Second Circuit denies early release for 1990s NYC Chinatown gang leader 'near death'

MANHATTAN (CN) - A New York federal appeals court on Wednesday affirmed twin life prison sentences for David Thai, the former leader of the notorious Vietnamese street gang known as Born To Kill who terrorized lower Manhattan for several years until his arrest in 1991.

Once dubbed a "scourge of Chinatown," Thai asked the Second Circuit Court of Appeals to overturn a lower court's dismissal of his third request for compassionate release from incarceration due to declining health and terminal illness, including cardiac issues and MSA, formerly known as Shy-Drager Syndrome.

Sentenced at age 36 to two concurrent terms of life imprisonment, in addition to concurrent terms of 10 and 20 years' imprisonment, Thai turns 70 at the end of the month.

During oral arguments before the Second Circuit earlier in January, his attorney said he is "near death now," due to debilitating and terminal illness, and should have his sentence reduced under the First Step Act because he no longer poses a danger to the public.

A three-judge panel for the Second Circuit was not persuaded to overturn Thai's prison sentence imposed in 1992 by a Brooklyn federal judge, citing the lower court's emphasis on the lateness of Thai's contrition and "the extremely violent nature of Thai's conduct as the leader of a gang," which occurred in Chinatown's Canal Street area in lower Manhattan, just blocks away from the Second Circuit's courthouse building on Centre Street.

"Importantly, the district court not only noted the lateness of the remorse, but rather also emphasized that, 'even if sincere, his remorse fails to negate the immense violence perpetrated throughout New York under his leadership that precipitated his sentence,'" the panel wrote in its unsigned summary order.

"Indeed, the district court, referencing the [Federal Sentencing Statute] factors that it analyzed in its April 2020 order denying his first compassionate release motion, explained that it continued to 'maintain that 'Thai merited the life sentence he received' for the violence he inflicted personally and through his leadership of the 'Born to Kill' gang,'" the appeals judges wrote.

Also known as the Canal Street Boys, Born to Kill was mostly comprised of Cantonese-speaking, first-generation Vietnamese immigrants and refugees who had previously joined established Chinese-American gangs in neighborhood, such as the Flying Dragons and the Ghost Shadows, before splintering off into their own violent rival organization.

Prosecutors argued against Thai's compassionate release, focusing on acts of grave violence ordered by Thai while he was leader of Born to Kill, including the execution-style murder of a robbery victim who had cooperated with the police, which occurred in front of the victim's 12-year-old nephew.

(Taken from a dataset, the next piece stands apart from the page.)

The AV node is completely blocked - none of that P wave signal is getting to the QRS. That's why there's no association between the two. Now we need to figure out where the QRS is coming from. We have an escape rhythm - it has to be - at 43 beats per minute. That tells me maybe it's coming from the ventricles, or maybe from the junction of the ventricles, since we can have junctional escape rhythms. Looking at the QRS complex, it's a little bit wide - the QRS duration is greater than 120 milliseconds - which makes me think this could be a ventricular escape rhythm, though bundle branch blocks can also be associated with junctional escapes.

"As the founder and leader of the gang, Thai cynically recruited young men to join and, over a period of years, directed a campaign of violent crime that resulted in death and serious injury," the Department of Justice wrote in its appeals brief. "The nature and circumstances of the offenses of which he was convicted-comprising more than a dozen crimes, including racketeering, conspiracy to murder and armed robbery are among the most serious contemplated by our criminal justice system."

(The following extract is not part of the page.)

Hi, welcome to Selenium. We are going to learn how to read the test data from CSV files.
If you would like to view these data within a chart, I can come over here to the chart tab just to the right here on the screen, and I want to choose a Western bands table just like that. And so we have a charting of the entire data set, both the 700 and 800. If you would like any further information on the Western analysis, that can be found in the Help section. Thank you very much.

Under the compassionate release provision, courts can modify criminal sentences in certain cases. Before 2018, the Bureau of Prisons had to file a motion as a prerequisite for such consideration, but Congress expanded a federal sentencing statute in the First Step Act to eliminate that requirement.

Thai's court-appointed defense attorney, Murray Singer, argued on appeal that Congress had contemplated the availability of such compassionate release, "even in cases with conspiracy to murder," when the statute was passed. He cited other federal cases where defendants, convicted of acts of gang violence and sentenced to life in prison, were nonetheless granted compassionate release.

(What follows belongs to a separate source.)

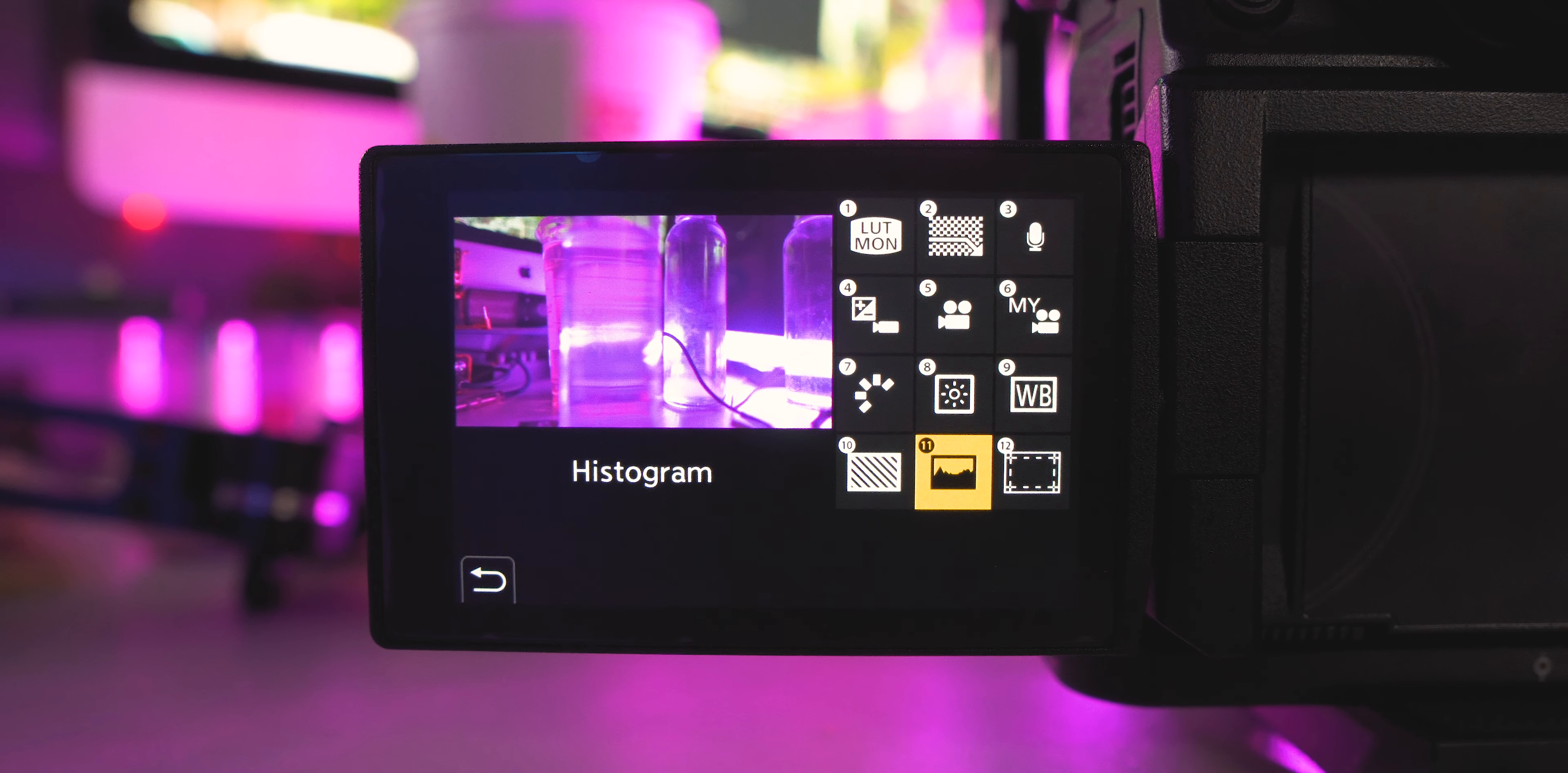All right, so if we hit the display button, we'll go to the next screen, and we're going to mess with these buttons that are right here on the front. So FN1, we're going to change that to peaking. So that'll show us everything that's in focus. It's especially helpful if you're pulling manual focus.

Thai's defense posited that the judges in those similar cases had determined the decades in prison already served to be sufficient but not greater than necessary to serve the purposes of federal sentencing statute.

If released from prison, Thai had planned to move in with his brother and sister-in-law in Texas, the state with the second-largest population of Vietnamese-Americans in the United States, after California.

The three-judge panel that heard Thai's appeal was composed of U.S. Circuit Judge John Walker, a George H.W. Bush appointee; U.S. Circuit Judge Joseph Bianco, a George W. Bush appointee; and U.S. Circuit Judge Amalya Kearse, a Jimmy Carter appointee.